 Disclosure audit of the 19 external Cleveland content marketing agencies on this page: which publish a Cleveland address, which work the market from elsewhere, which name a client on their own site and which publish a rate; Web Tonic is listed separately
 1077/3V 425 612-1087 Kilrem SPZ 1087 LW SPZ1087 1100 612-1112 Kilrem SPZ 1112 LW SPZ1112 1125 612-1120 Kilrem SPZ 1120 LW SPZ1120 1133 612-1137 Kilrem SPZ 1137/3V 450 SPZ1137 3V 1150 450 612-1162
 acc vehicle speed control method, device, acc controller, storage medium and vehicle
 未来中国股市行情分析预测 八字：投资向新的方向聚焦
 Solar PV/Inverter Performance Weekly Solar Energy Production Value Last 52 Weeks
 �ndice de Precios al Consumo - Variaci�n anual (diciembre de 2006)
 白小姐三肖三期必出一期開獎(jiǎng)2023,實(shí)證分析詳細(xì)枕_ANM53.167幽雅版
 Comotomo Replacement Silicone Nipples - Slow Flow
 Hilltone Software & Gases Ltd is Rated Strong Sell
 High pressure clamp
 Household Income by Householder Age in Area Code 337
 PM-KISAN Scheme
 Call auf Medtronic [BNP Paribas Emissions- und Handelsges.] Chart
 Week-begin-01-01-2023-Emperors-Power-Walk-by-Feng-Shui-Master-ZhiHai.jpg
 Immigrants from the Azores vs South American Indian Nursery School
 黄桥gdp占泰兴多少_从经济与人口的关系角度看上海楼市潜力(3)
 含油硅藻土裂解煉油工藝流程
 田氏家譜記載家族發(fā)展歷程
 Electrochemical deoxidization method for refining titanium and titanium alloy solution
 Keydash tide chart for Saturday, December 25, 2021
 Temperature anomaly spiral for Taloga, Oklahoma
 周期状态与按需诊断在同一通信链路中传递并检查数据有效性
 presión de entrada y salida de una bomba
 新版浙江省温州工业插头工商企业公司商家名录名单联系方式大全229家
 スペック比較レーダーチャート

.....

* YOUR INSTRUCTIONS *
Each line of the listing must appear in the answer exactly as above.

* ANSWER TO THIS PROBLEM *
 Disclosure audit of the 19 external Cleveland content marketing agencies on this page: which publish a Cleveland address, which work the market from elsewhere, which name a client on their own site and which publish a rate; Web Tonic is listed separately
 1077/3V 425 612-1087 Kilrem SPZ 1087 LW SPZ1087 1100 612-1112 Kilrem SPZ 1112 LW SPZ1112 1125 612-1120 Kilrem SPZ 1120 LW SPZ1120 1133 612-1137 Kilrem SPZ 1137/3V 450 SPZ1137 3V 1150 450 612-1162
 acc vehicle speed control method, device, acc controller, storage medium and vehicle
 未来中国股市行情分析预测 八字：投资向新的方向聚焦
 Solar PV/Inverter Performance Weekly Solar Energy Production Value Last 52 Weeks
 �ndice de Precios al Consumo - Variaci�n anual (diciembre de 2006)
 白小姐三肖三期必出一期開獎(jiǎng)2023,實(shí)證分析詳細(xì)枕_ANM53.167幽雅版
 Comotomo Replacement Silicone Nipples - Slow Flow
 Hilltone Software & Gases Ltd is Rated Strong Sell
 High pressure clamp
 Household Income by Householder Age in Area Code 337
 PM-KISAN Scheme
 Call auf Medtronic [BNP Paribas Emissions- und Handelsges.] Chart
 Week-begin-01-01-2023-Emperors-Power-Walk-by-Feng-Shui-Master-ZhiHai.jpg
 Immigrants from the Azores vs South American Indian Nursery School
 黄桥gdp占泰兴多少_从经济与人口的关系角度看上海楼市潜力(3)
 含油硅藻土裂解煉油工藝流程
 田氏家譜記載家族發(fā)展歷程
 Electrochemical deoxidization method for refining titanium and titanium alloy solution
 Keydash tide chart for Saturday, December 25, 2021
 Temperature anomaly spiral for Taloga, Oklahoma
 周期状态与按需诊断在同一通信链路中传递并检查数据有效性
 presión de entrada y salida de una bomba
 新版浙江省温州工业插头工商企业公司商家名录名单联系方式大全229家
 スペック比較レーダーチャート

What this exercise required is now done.